1:15 – 4:30 Demonstration with deconstruction (Peyton steps 1–2 merged)
“I’ll show you the technique once at normal pace, then break it down. [Mimes once.] Now I’ll talk you through each step. Probe: high-frequency linear, depth around 4cm, marker lateral. Place 1cm distal to the inguinal ligament — you’re looking for the bow-tie of sartorius lateral and the hourglass of the femoral artery medial. The fascia iliaca is the bright line above iliacus muscle. In-plane needle approach from lateral to medial. You’ll feel two pops — fascia lata, then fascia iliaca. Always aspirate before injecting and hydrodissect with 2 mL of saline to confirm position before delivering local.”

4:30 – 6:30 Learner verbalises / performs (Peyton step 3, and step 4 if possible)
“Now talk me through what you would do, step by step, as if I were the operator.” [Listen, gently correct.] “Good — one thing to add: you mentioned aspirating, which is correct, but say it out loud to whoever’s helping you so they can see it’s negative before you push.”

6:30 – 7:30 Feedback
“Really nice structure — your Stop-Before-You-Block was thorough and your landmark description was clear. Two things to refine: first, always state the LA dose out loud before drawing it up; second, hold the probe still while injecting and watch for the spread — if you don’t see anterocephalad spread, stop and reposition. Want to mention any concerns before we close?”

7:30 – 8:00 Summary & signpost
“To summarise: pre-block safety, landmarks, two-pop technique, aspirate, hydrodissect, then inject in 5 mL aliquots. There’s a good RCEMLearning module on FIB and the AAGBI regional anaesthesia guidelines — have a look before your next shift. Let’s debrief after you’ve done the next one.”

That’s an 8-minute station that hits structure, content, learner engagement, safety, feedback, and signposting. Notice how few minutes are spent on raw content — most of it is scaffolding.

What are the most common scenarios I should rehearse?

The College draws from a recognisable pool.
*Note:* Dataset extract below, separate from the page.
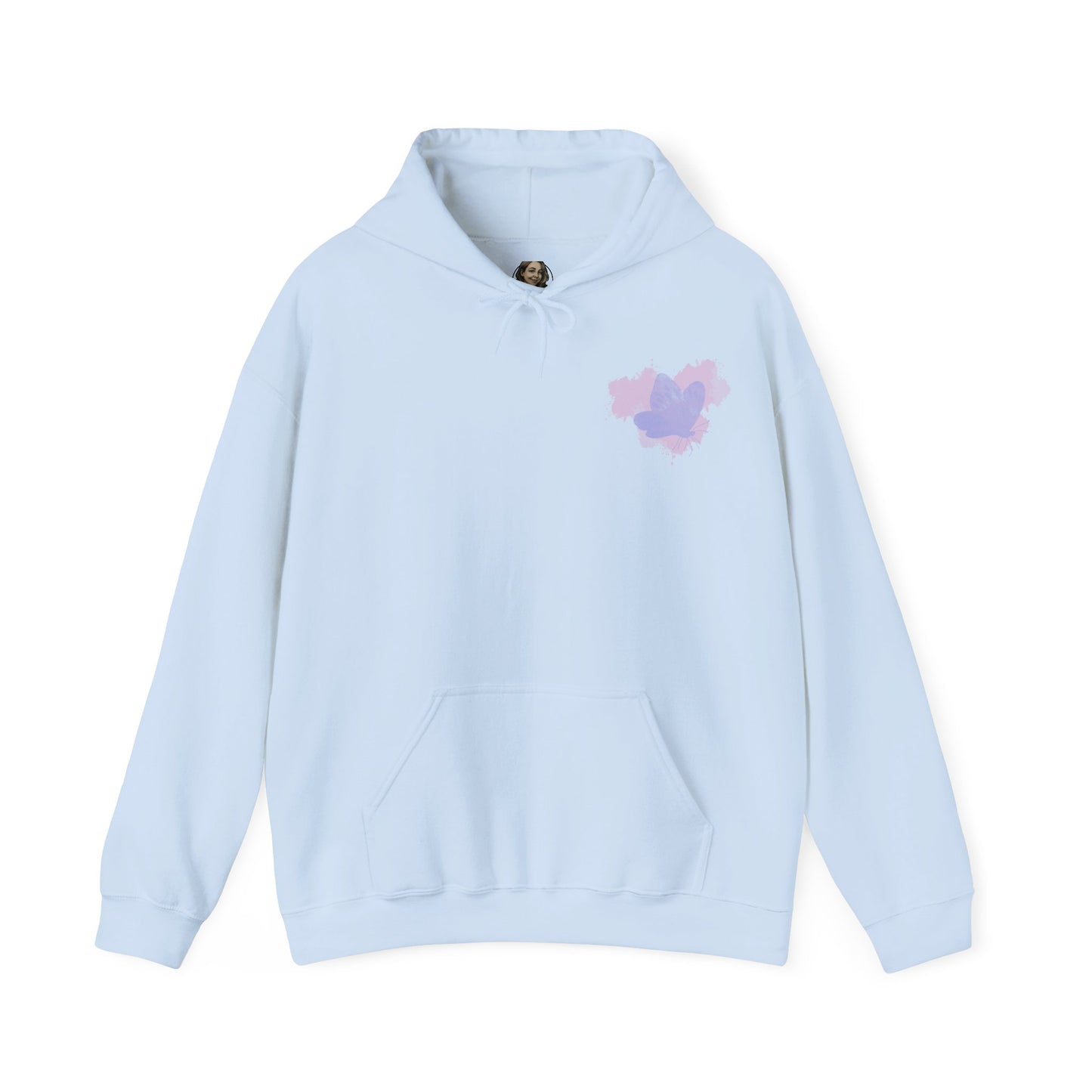 Lupus Butterfly Hoodie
Based on candidate reports and the FRCEM revision corpus, prepare templated approaches for:

  • Procedures: lumbar puncture, chest drain, fascia iliaca / femoral nerve block, joint aspiration (knee, shoulder), reduction of a Colles’ or shoulder dislocation, suturing, intercostal drain insertion, cricothyroidotomy (verbal only).
  • Examinations: cranial nerves, GALS, focused cardiac/respiratory exam, neurological lower limb, paediatric head-to-toe, ophthalmoscopy, otoscopy.
  • Interpretation: 12-lead ECG (STEMI mimics, bradyarrhythmias, tachyarrhythmias), CT head (bleed types), CXR (pneumothorax, lobar collapse), arterial blood gas, CSF analysis, paediatric ECG.
  • Patient education: inhaler/spacer technique, EpiPen, peak flow, glucometer, post-concussion advice, head injury safety-netting.
  • Safety / system teaching: handwashing, donning and doffing PPE, sharps safety, sepsis recognition for a new junior.

Build a one-page crib for each of the top ten and rehearse the opening and closing aloud — those minutes earn you marks regardless of the topic.

How do I avoid the classic FRCEM teaching station fails?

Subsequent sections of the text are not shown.